### PROVIDED DATA:
-- Opening Marker --

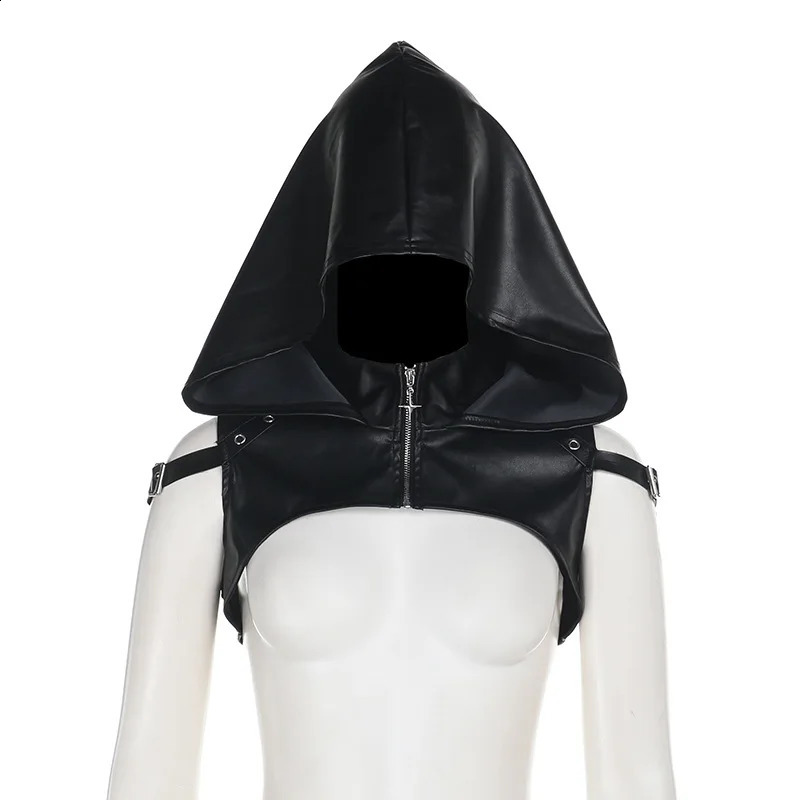 Goth Dark Punk Style Sleeveless Zip Hooded Crop Tops Women Cyber Y2K Faux Pu Leather Hoodies Smock Mall Gothic Streetwear 250809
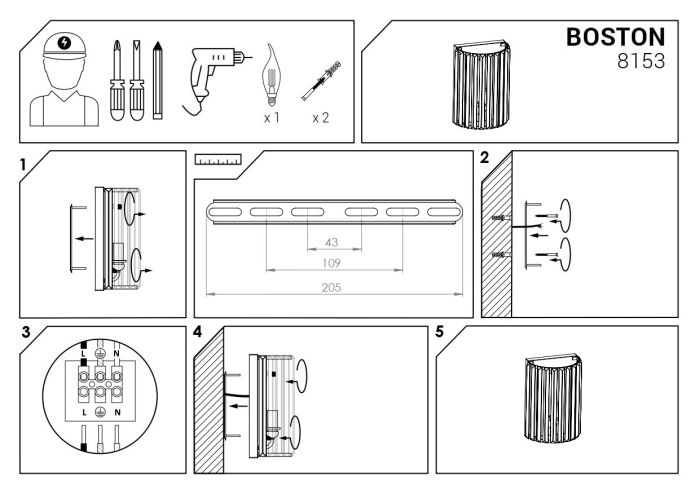 Бра Nowodvorski BOSTON I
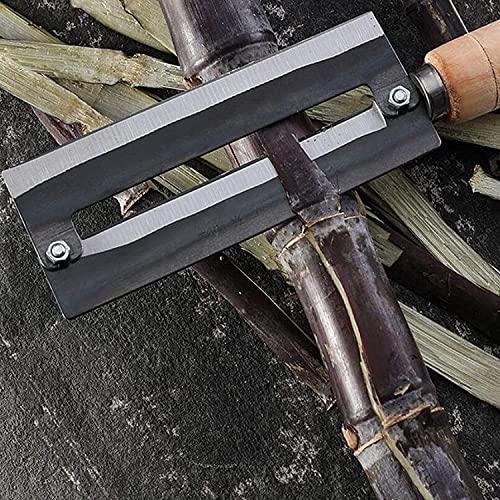 Image of P-PLUS INTERNATIONAL Planer Knife, Pineapple Pineapple Peeling Knife, Sugarcane Peeling Knife, Iron and Natural Non-Slip Wooden Wood Straight Handle Anti-Slip Knife(Pack of 2)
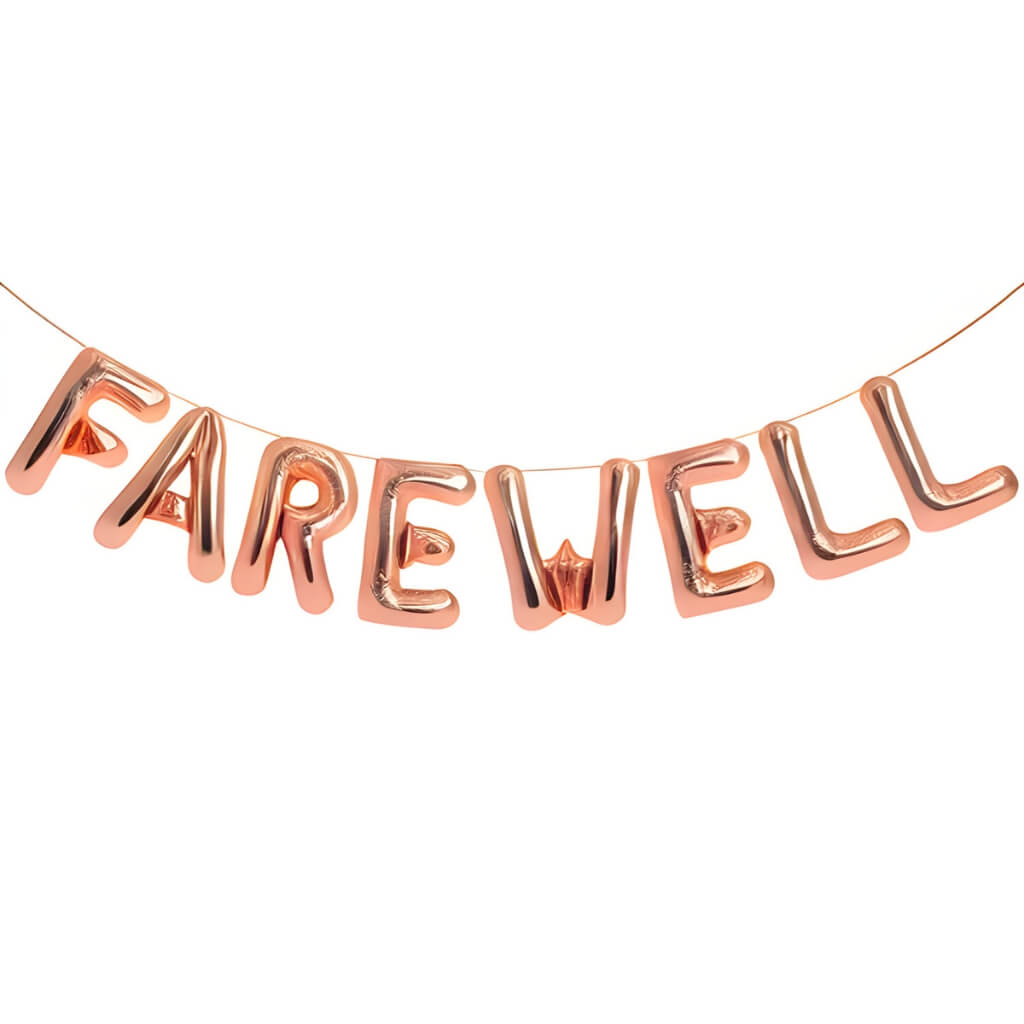 16-inch Rose Gold FAREWELL Foil Balloon Banner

-- Closing Marker --

### EXERCISE DETAILS:
Starting at the line that contains "Бра Nowodvorski BOSTON I", retype every line through the end of the material exactly as written, including both end lines but no pictures.

### TASK SOLUTION:
 Бра Nowodvorski BOSTON I
 Image of P-PLUS INTERNATIONAL Planer Knife, Pineapple Pineapple Peeling Knife, Sugarcane Peeling Knife, Iron and Natural Non-Slip Wooden Wood Straight Handle Anti-Slip Knife(Pack of 2)
 16-inch Rose Gold FAREWELL Foil Balloon Banner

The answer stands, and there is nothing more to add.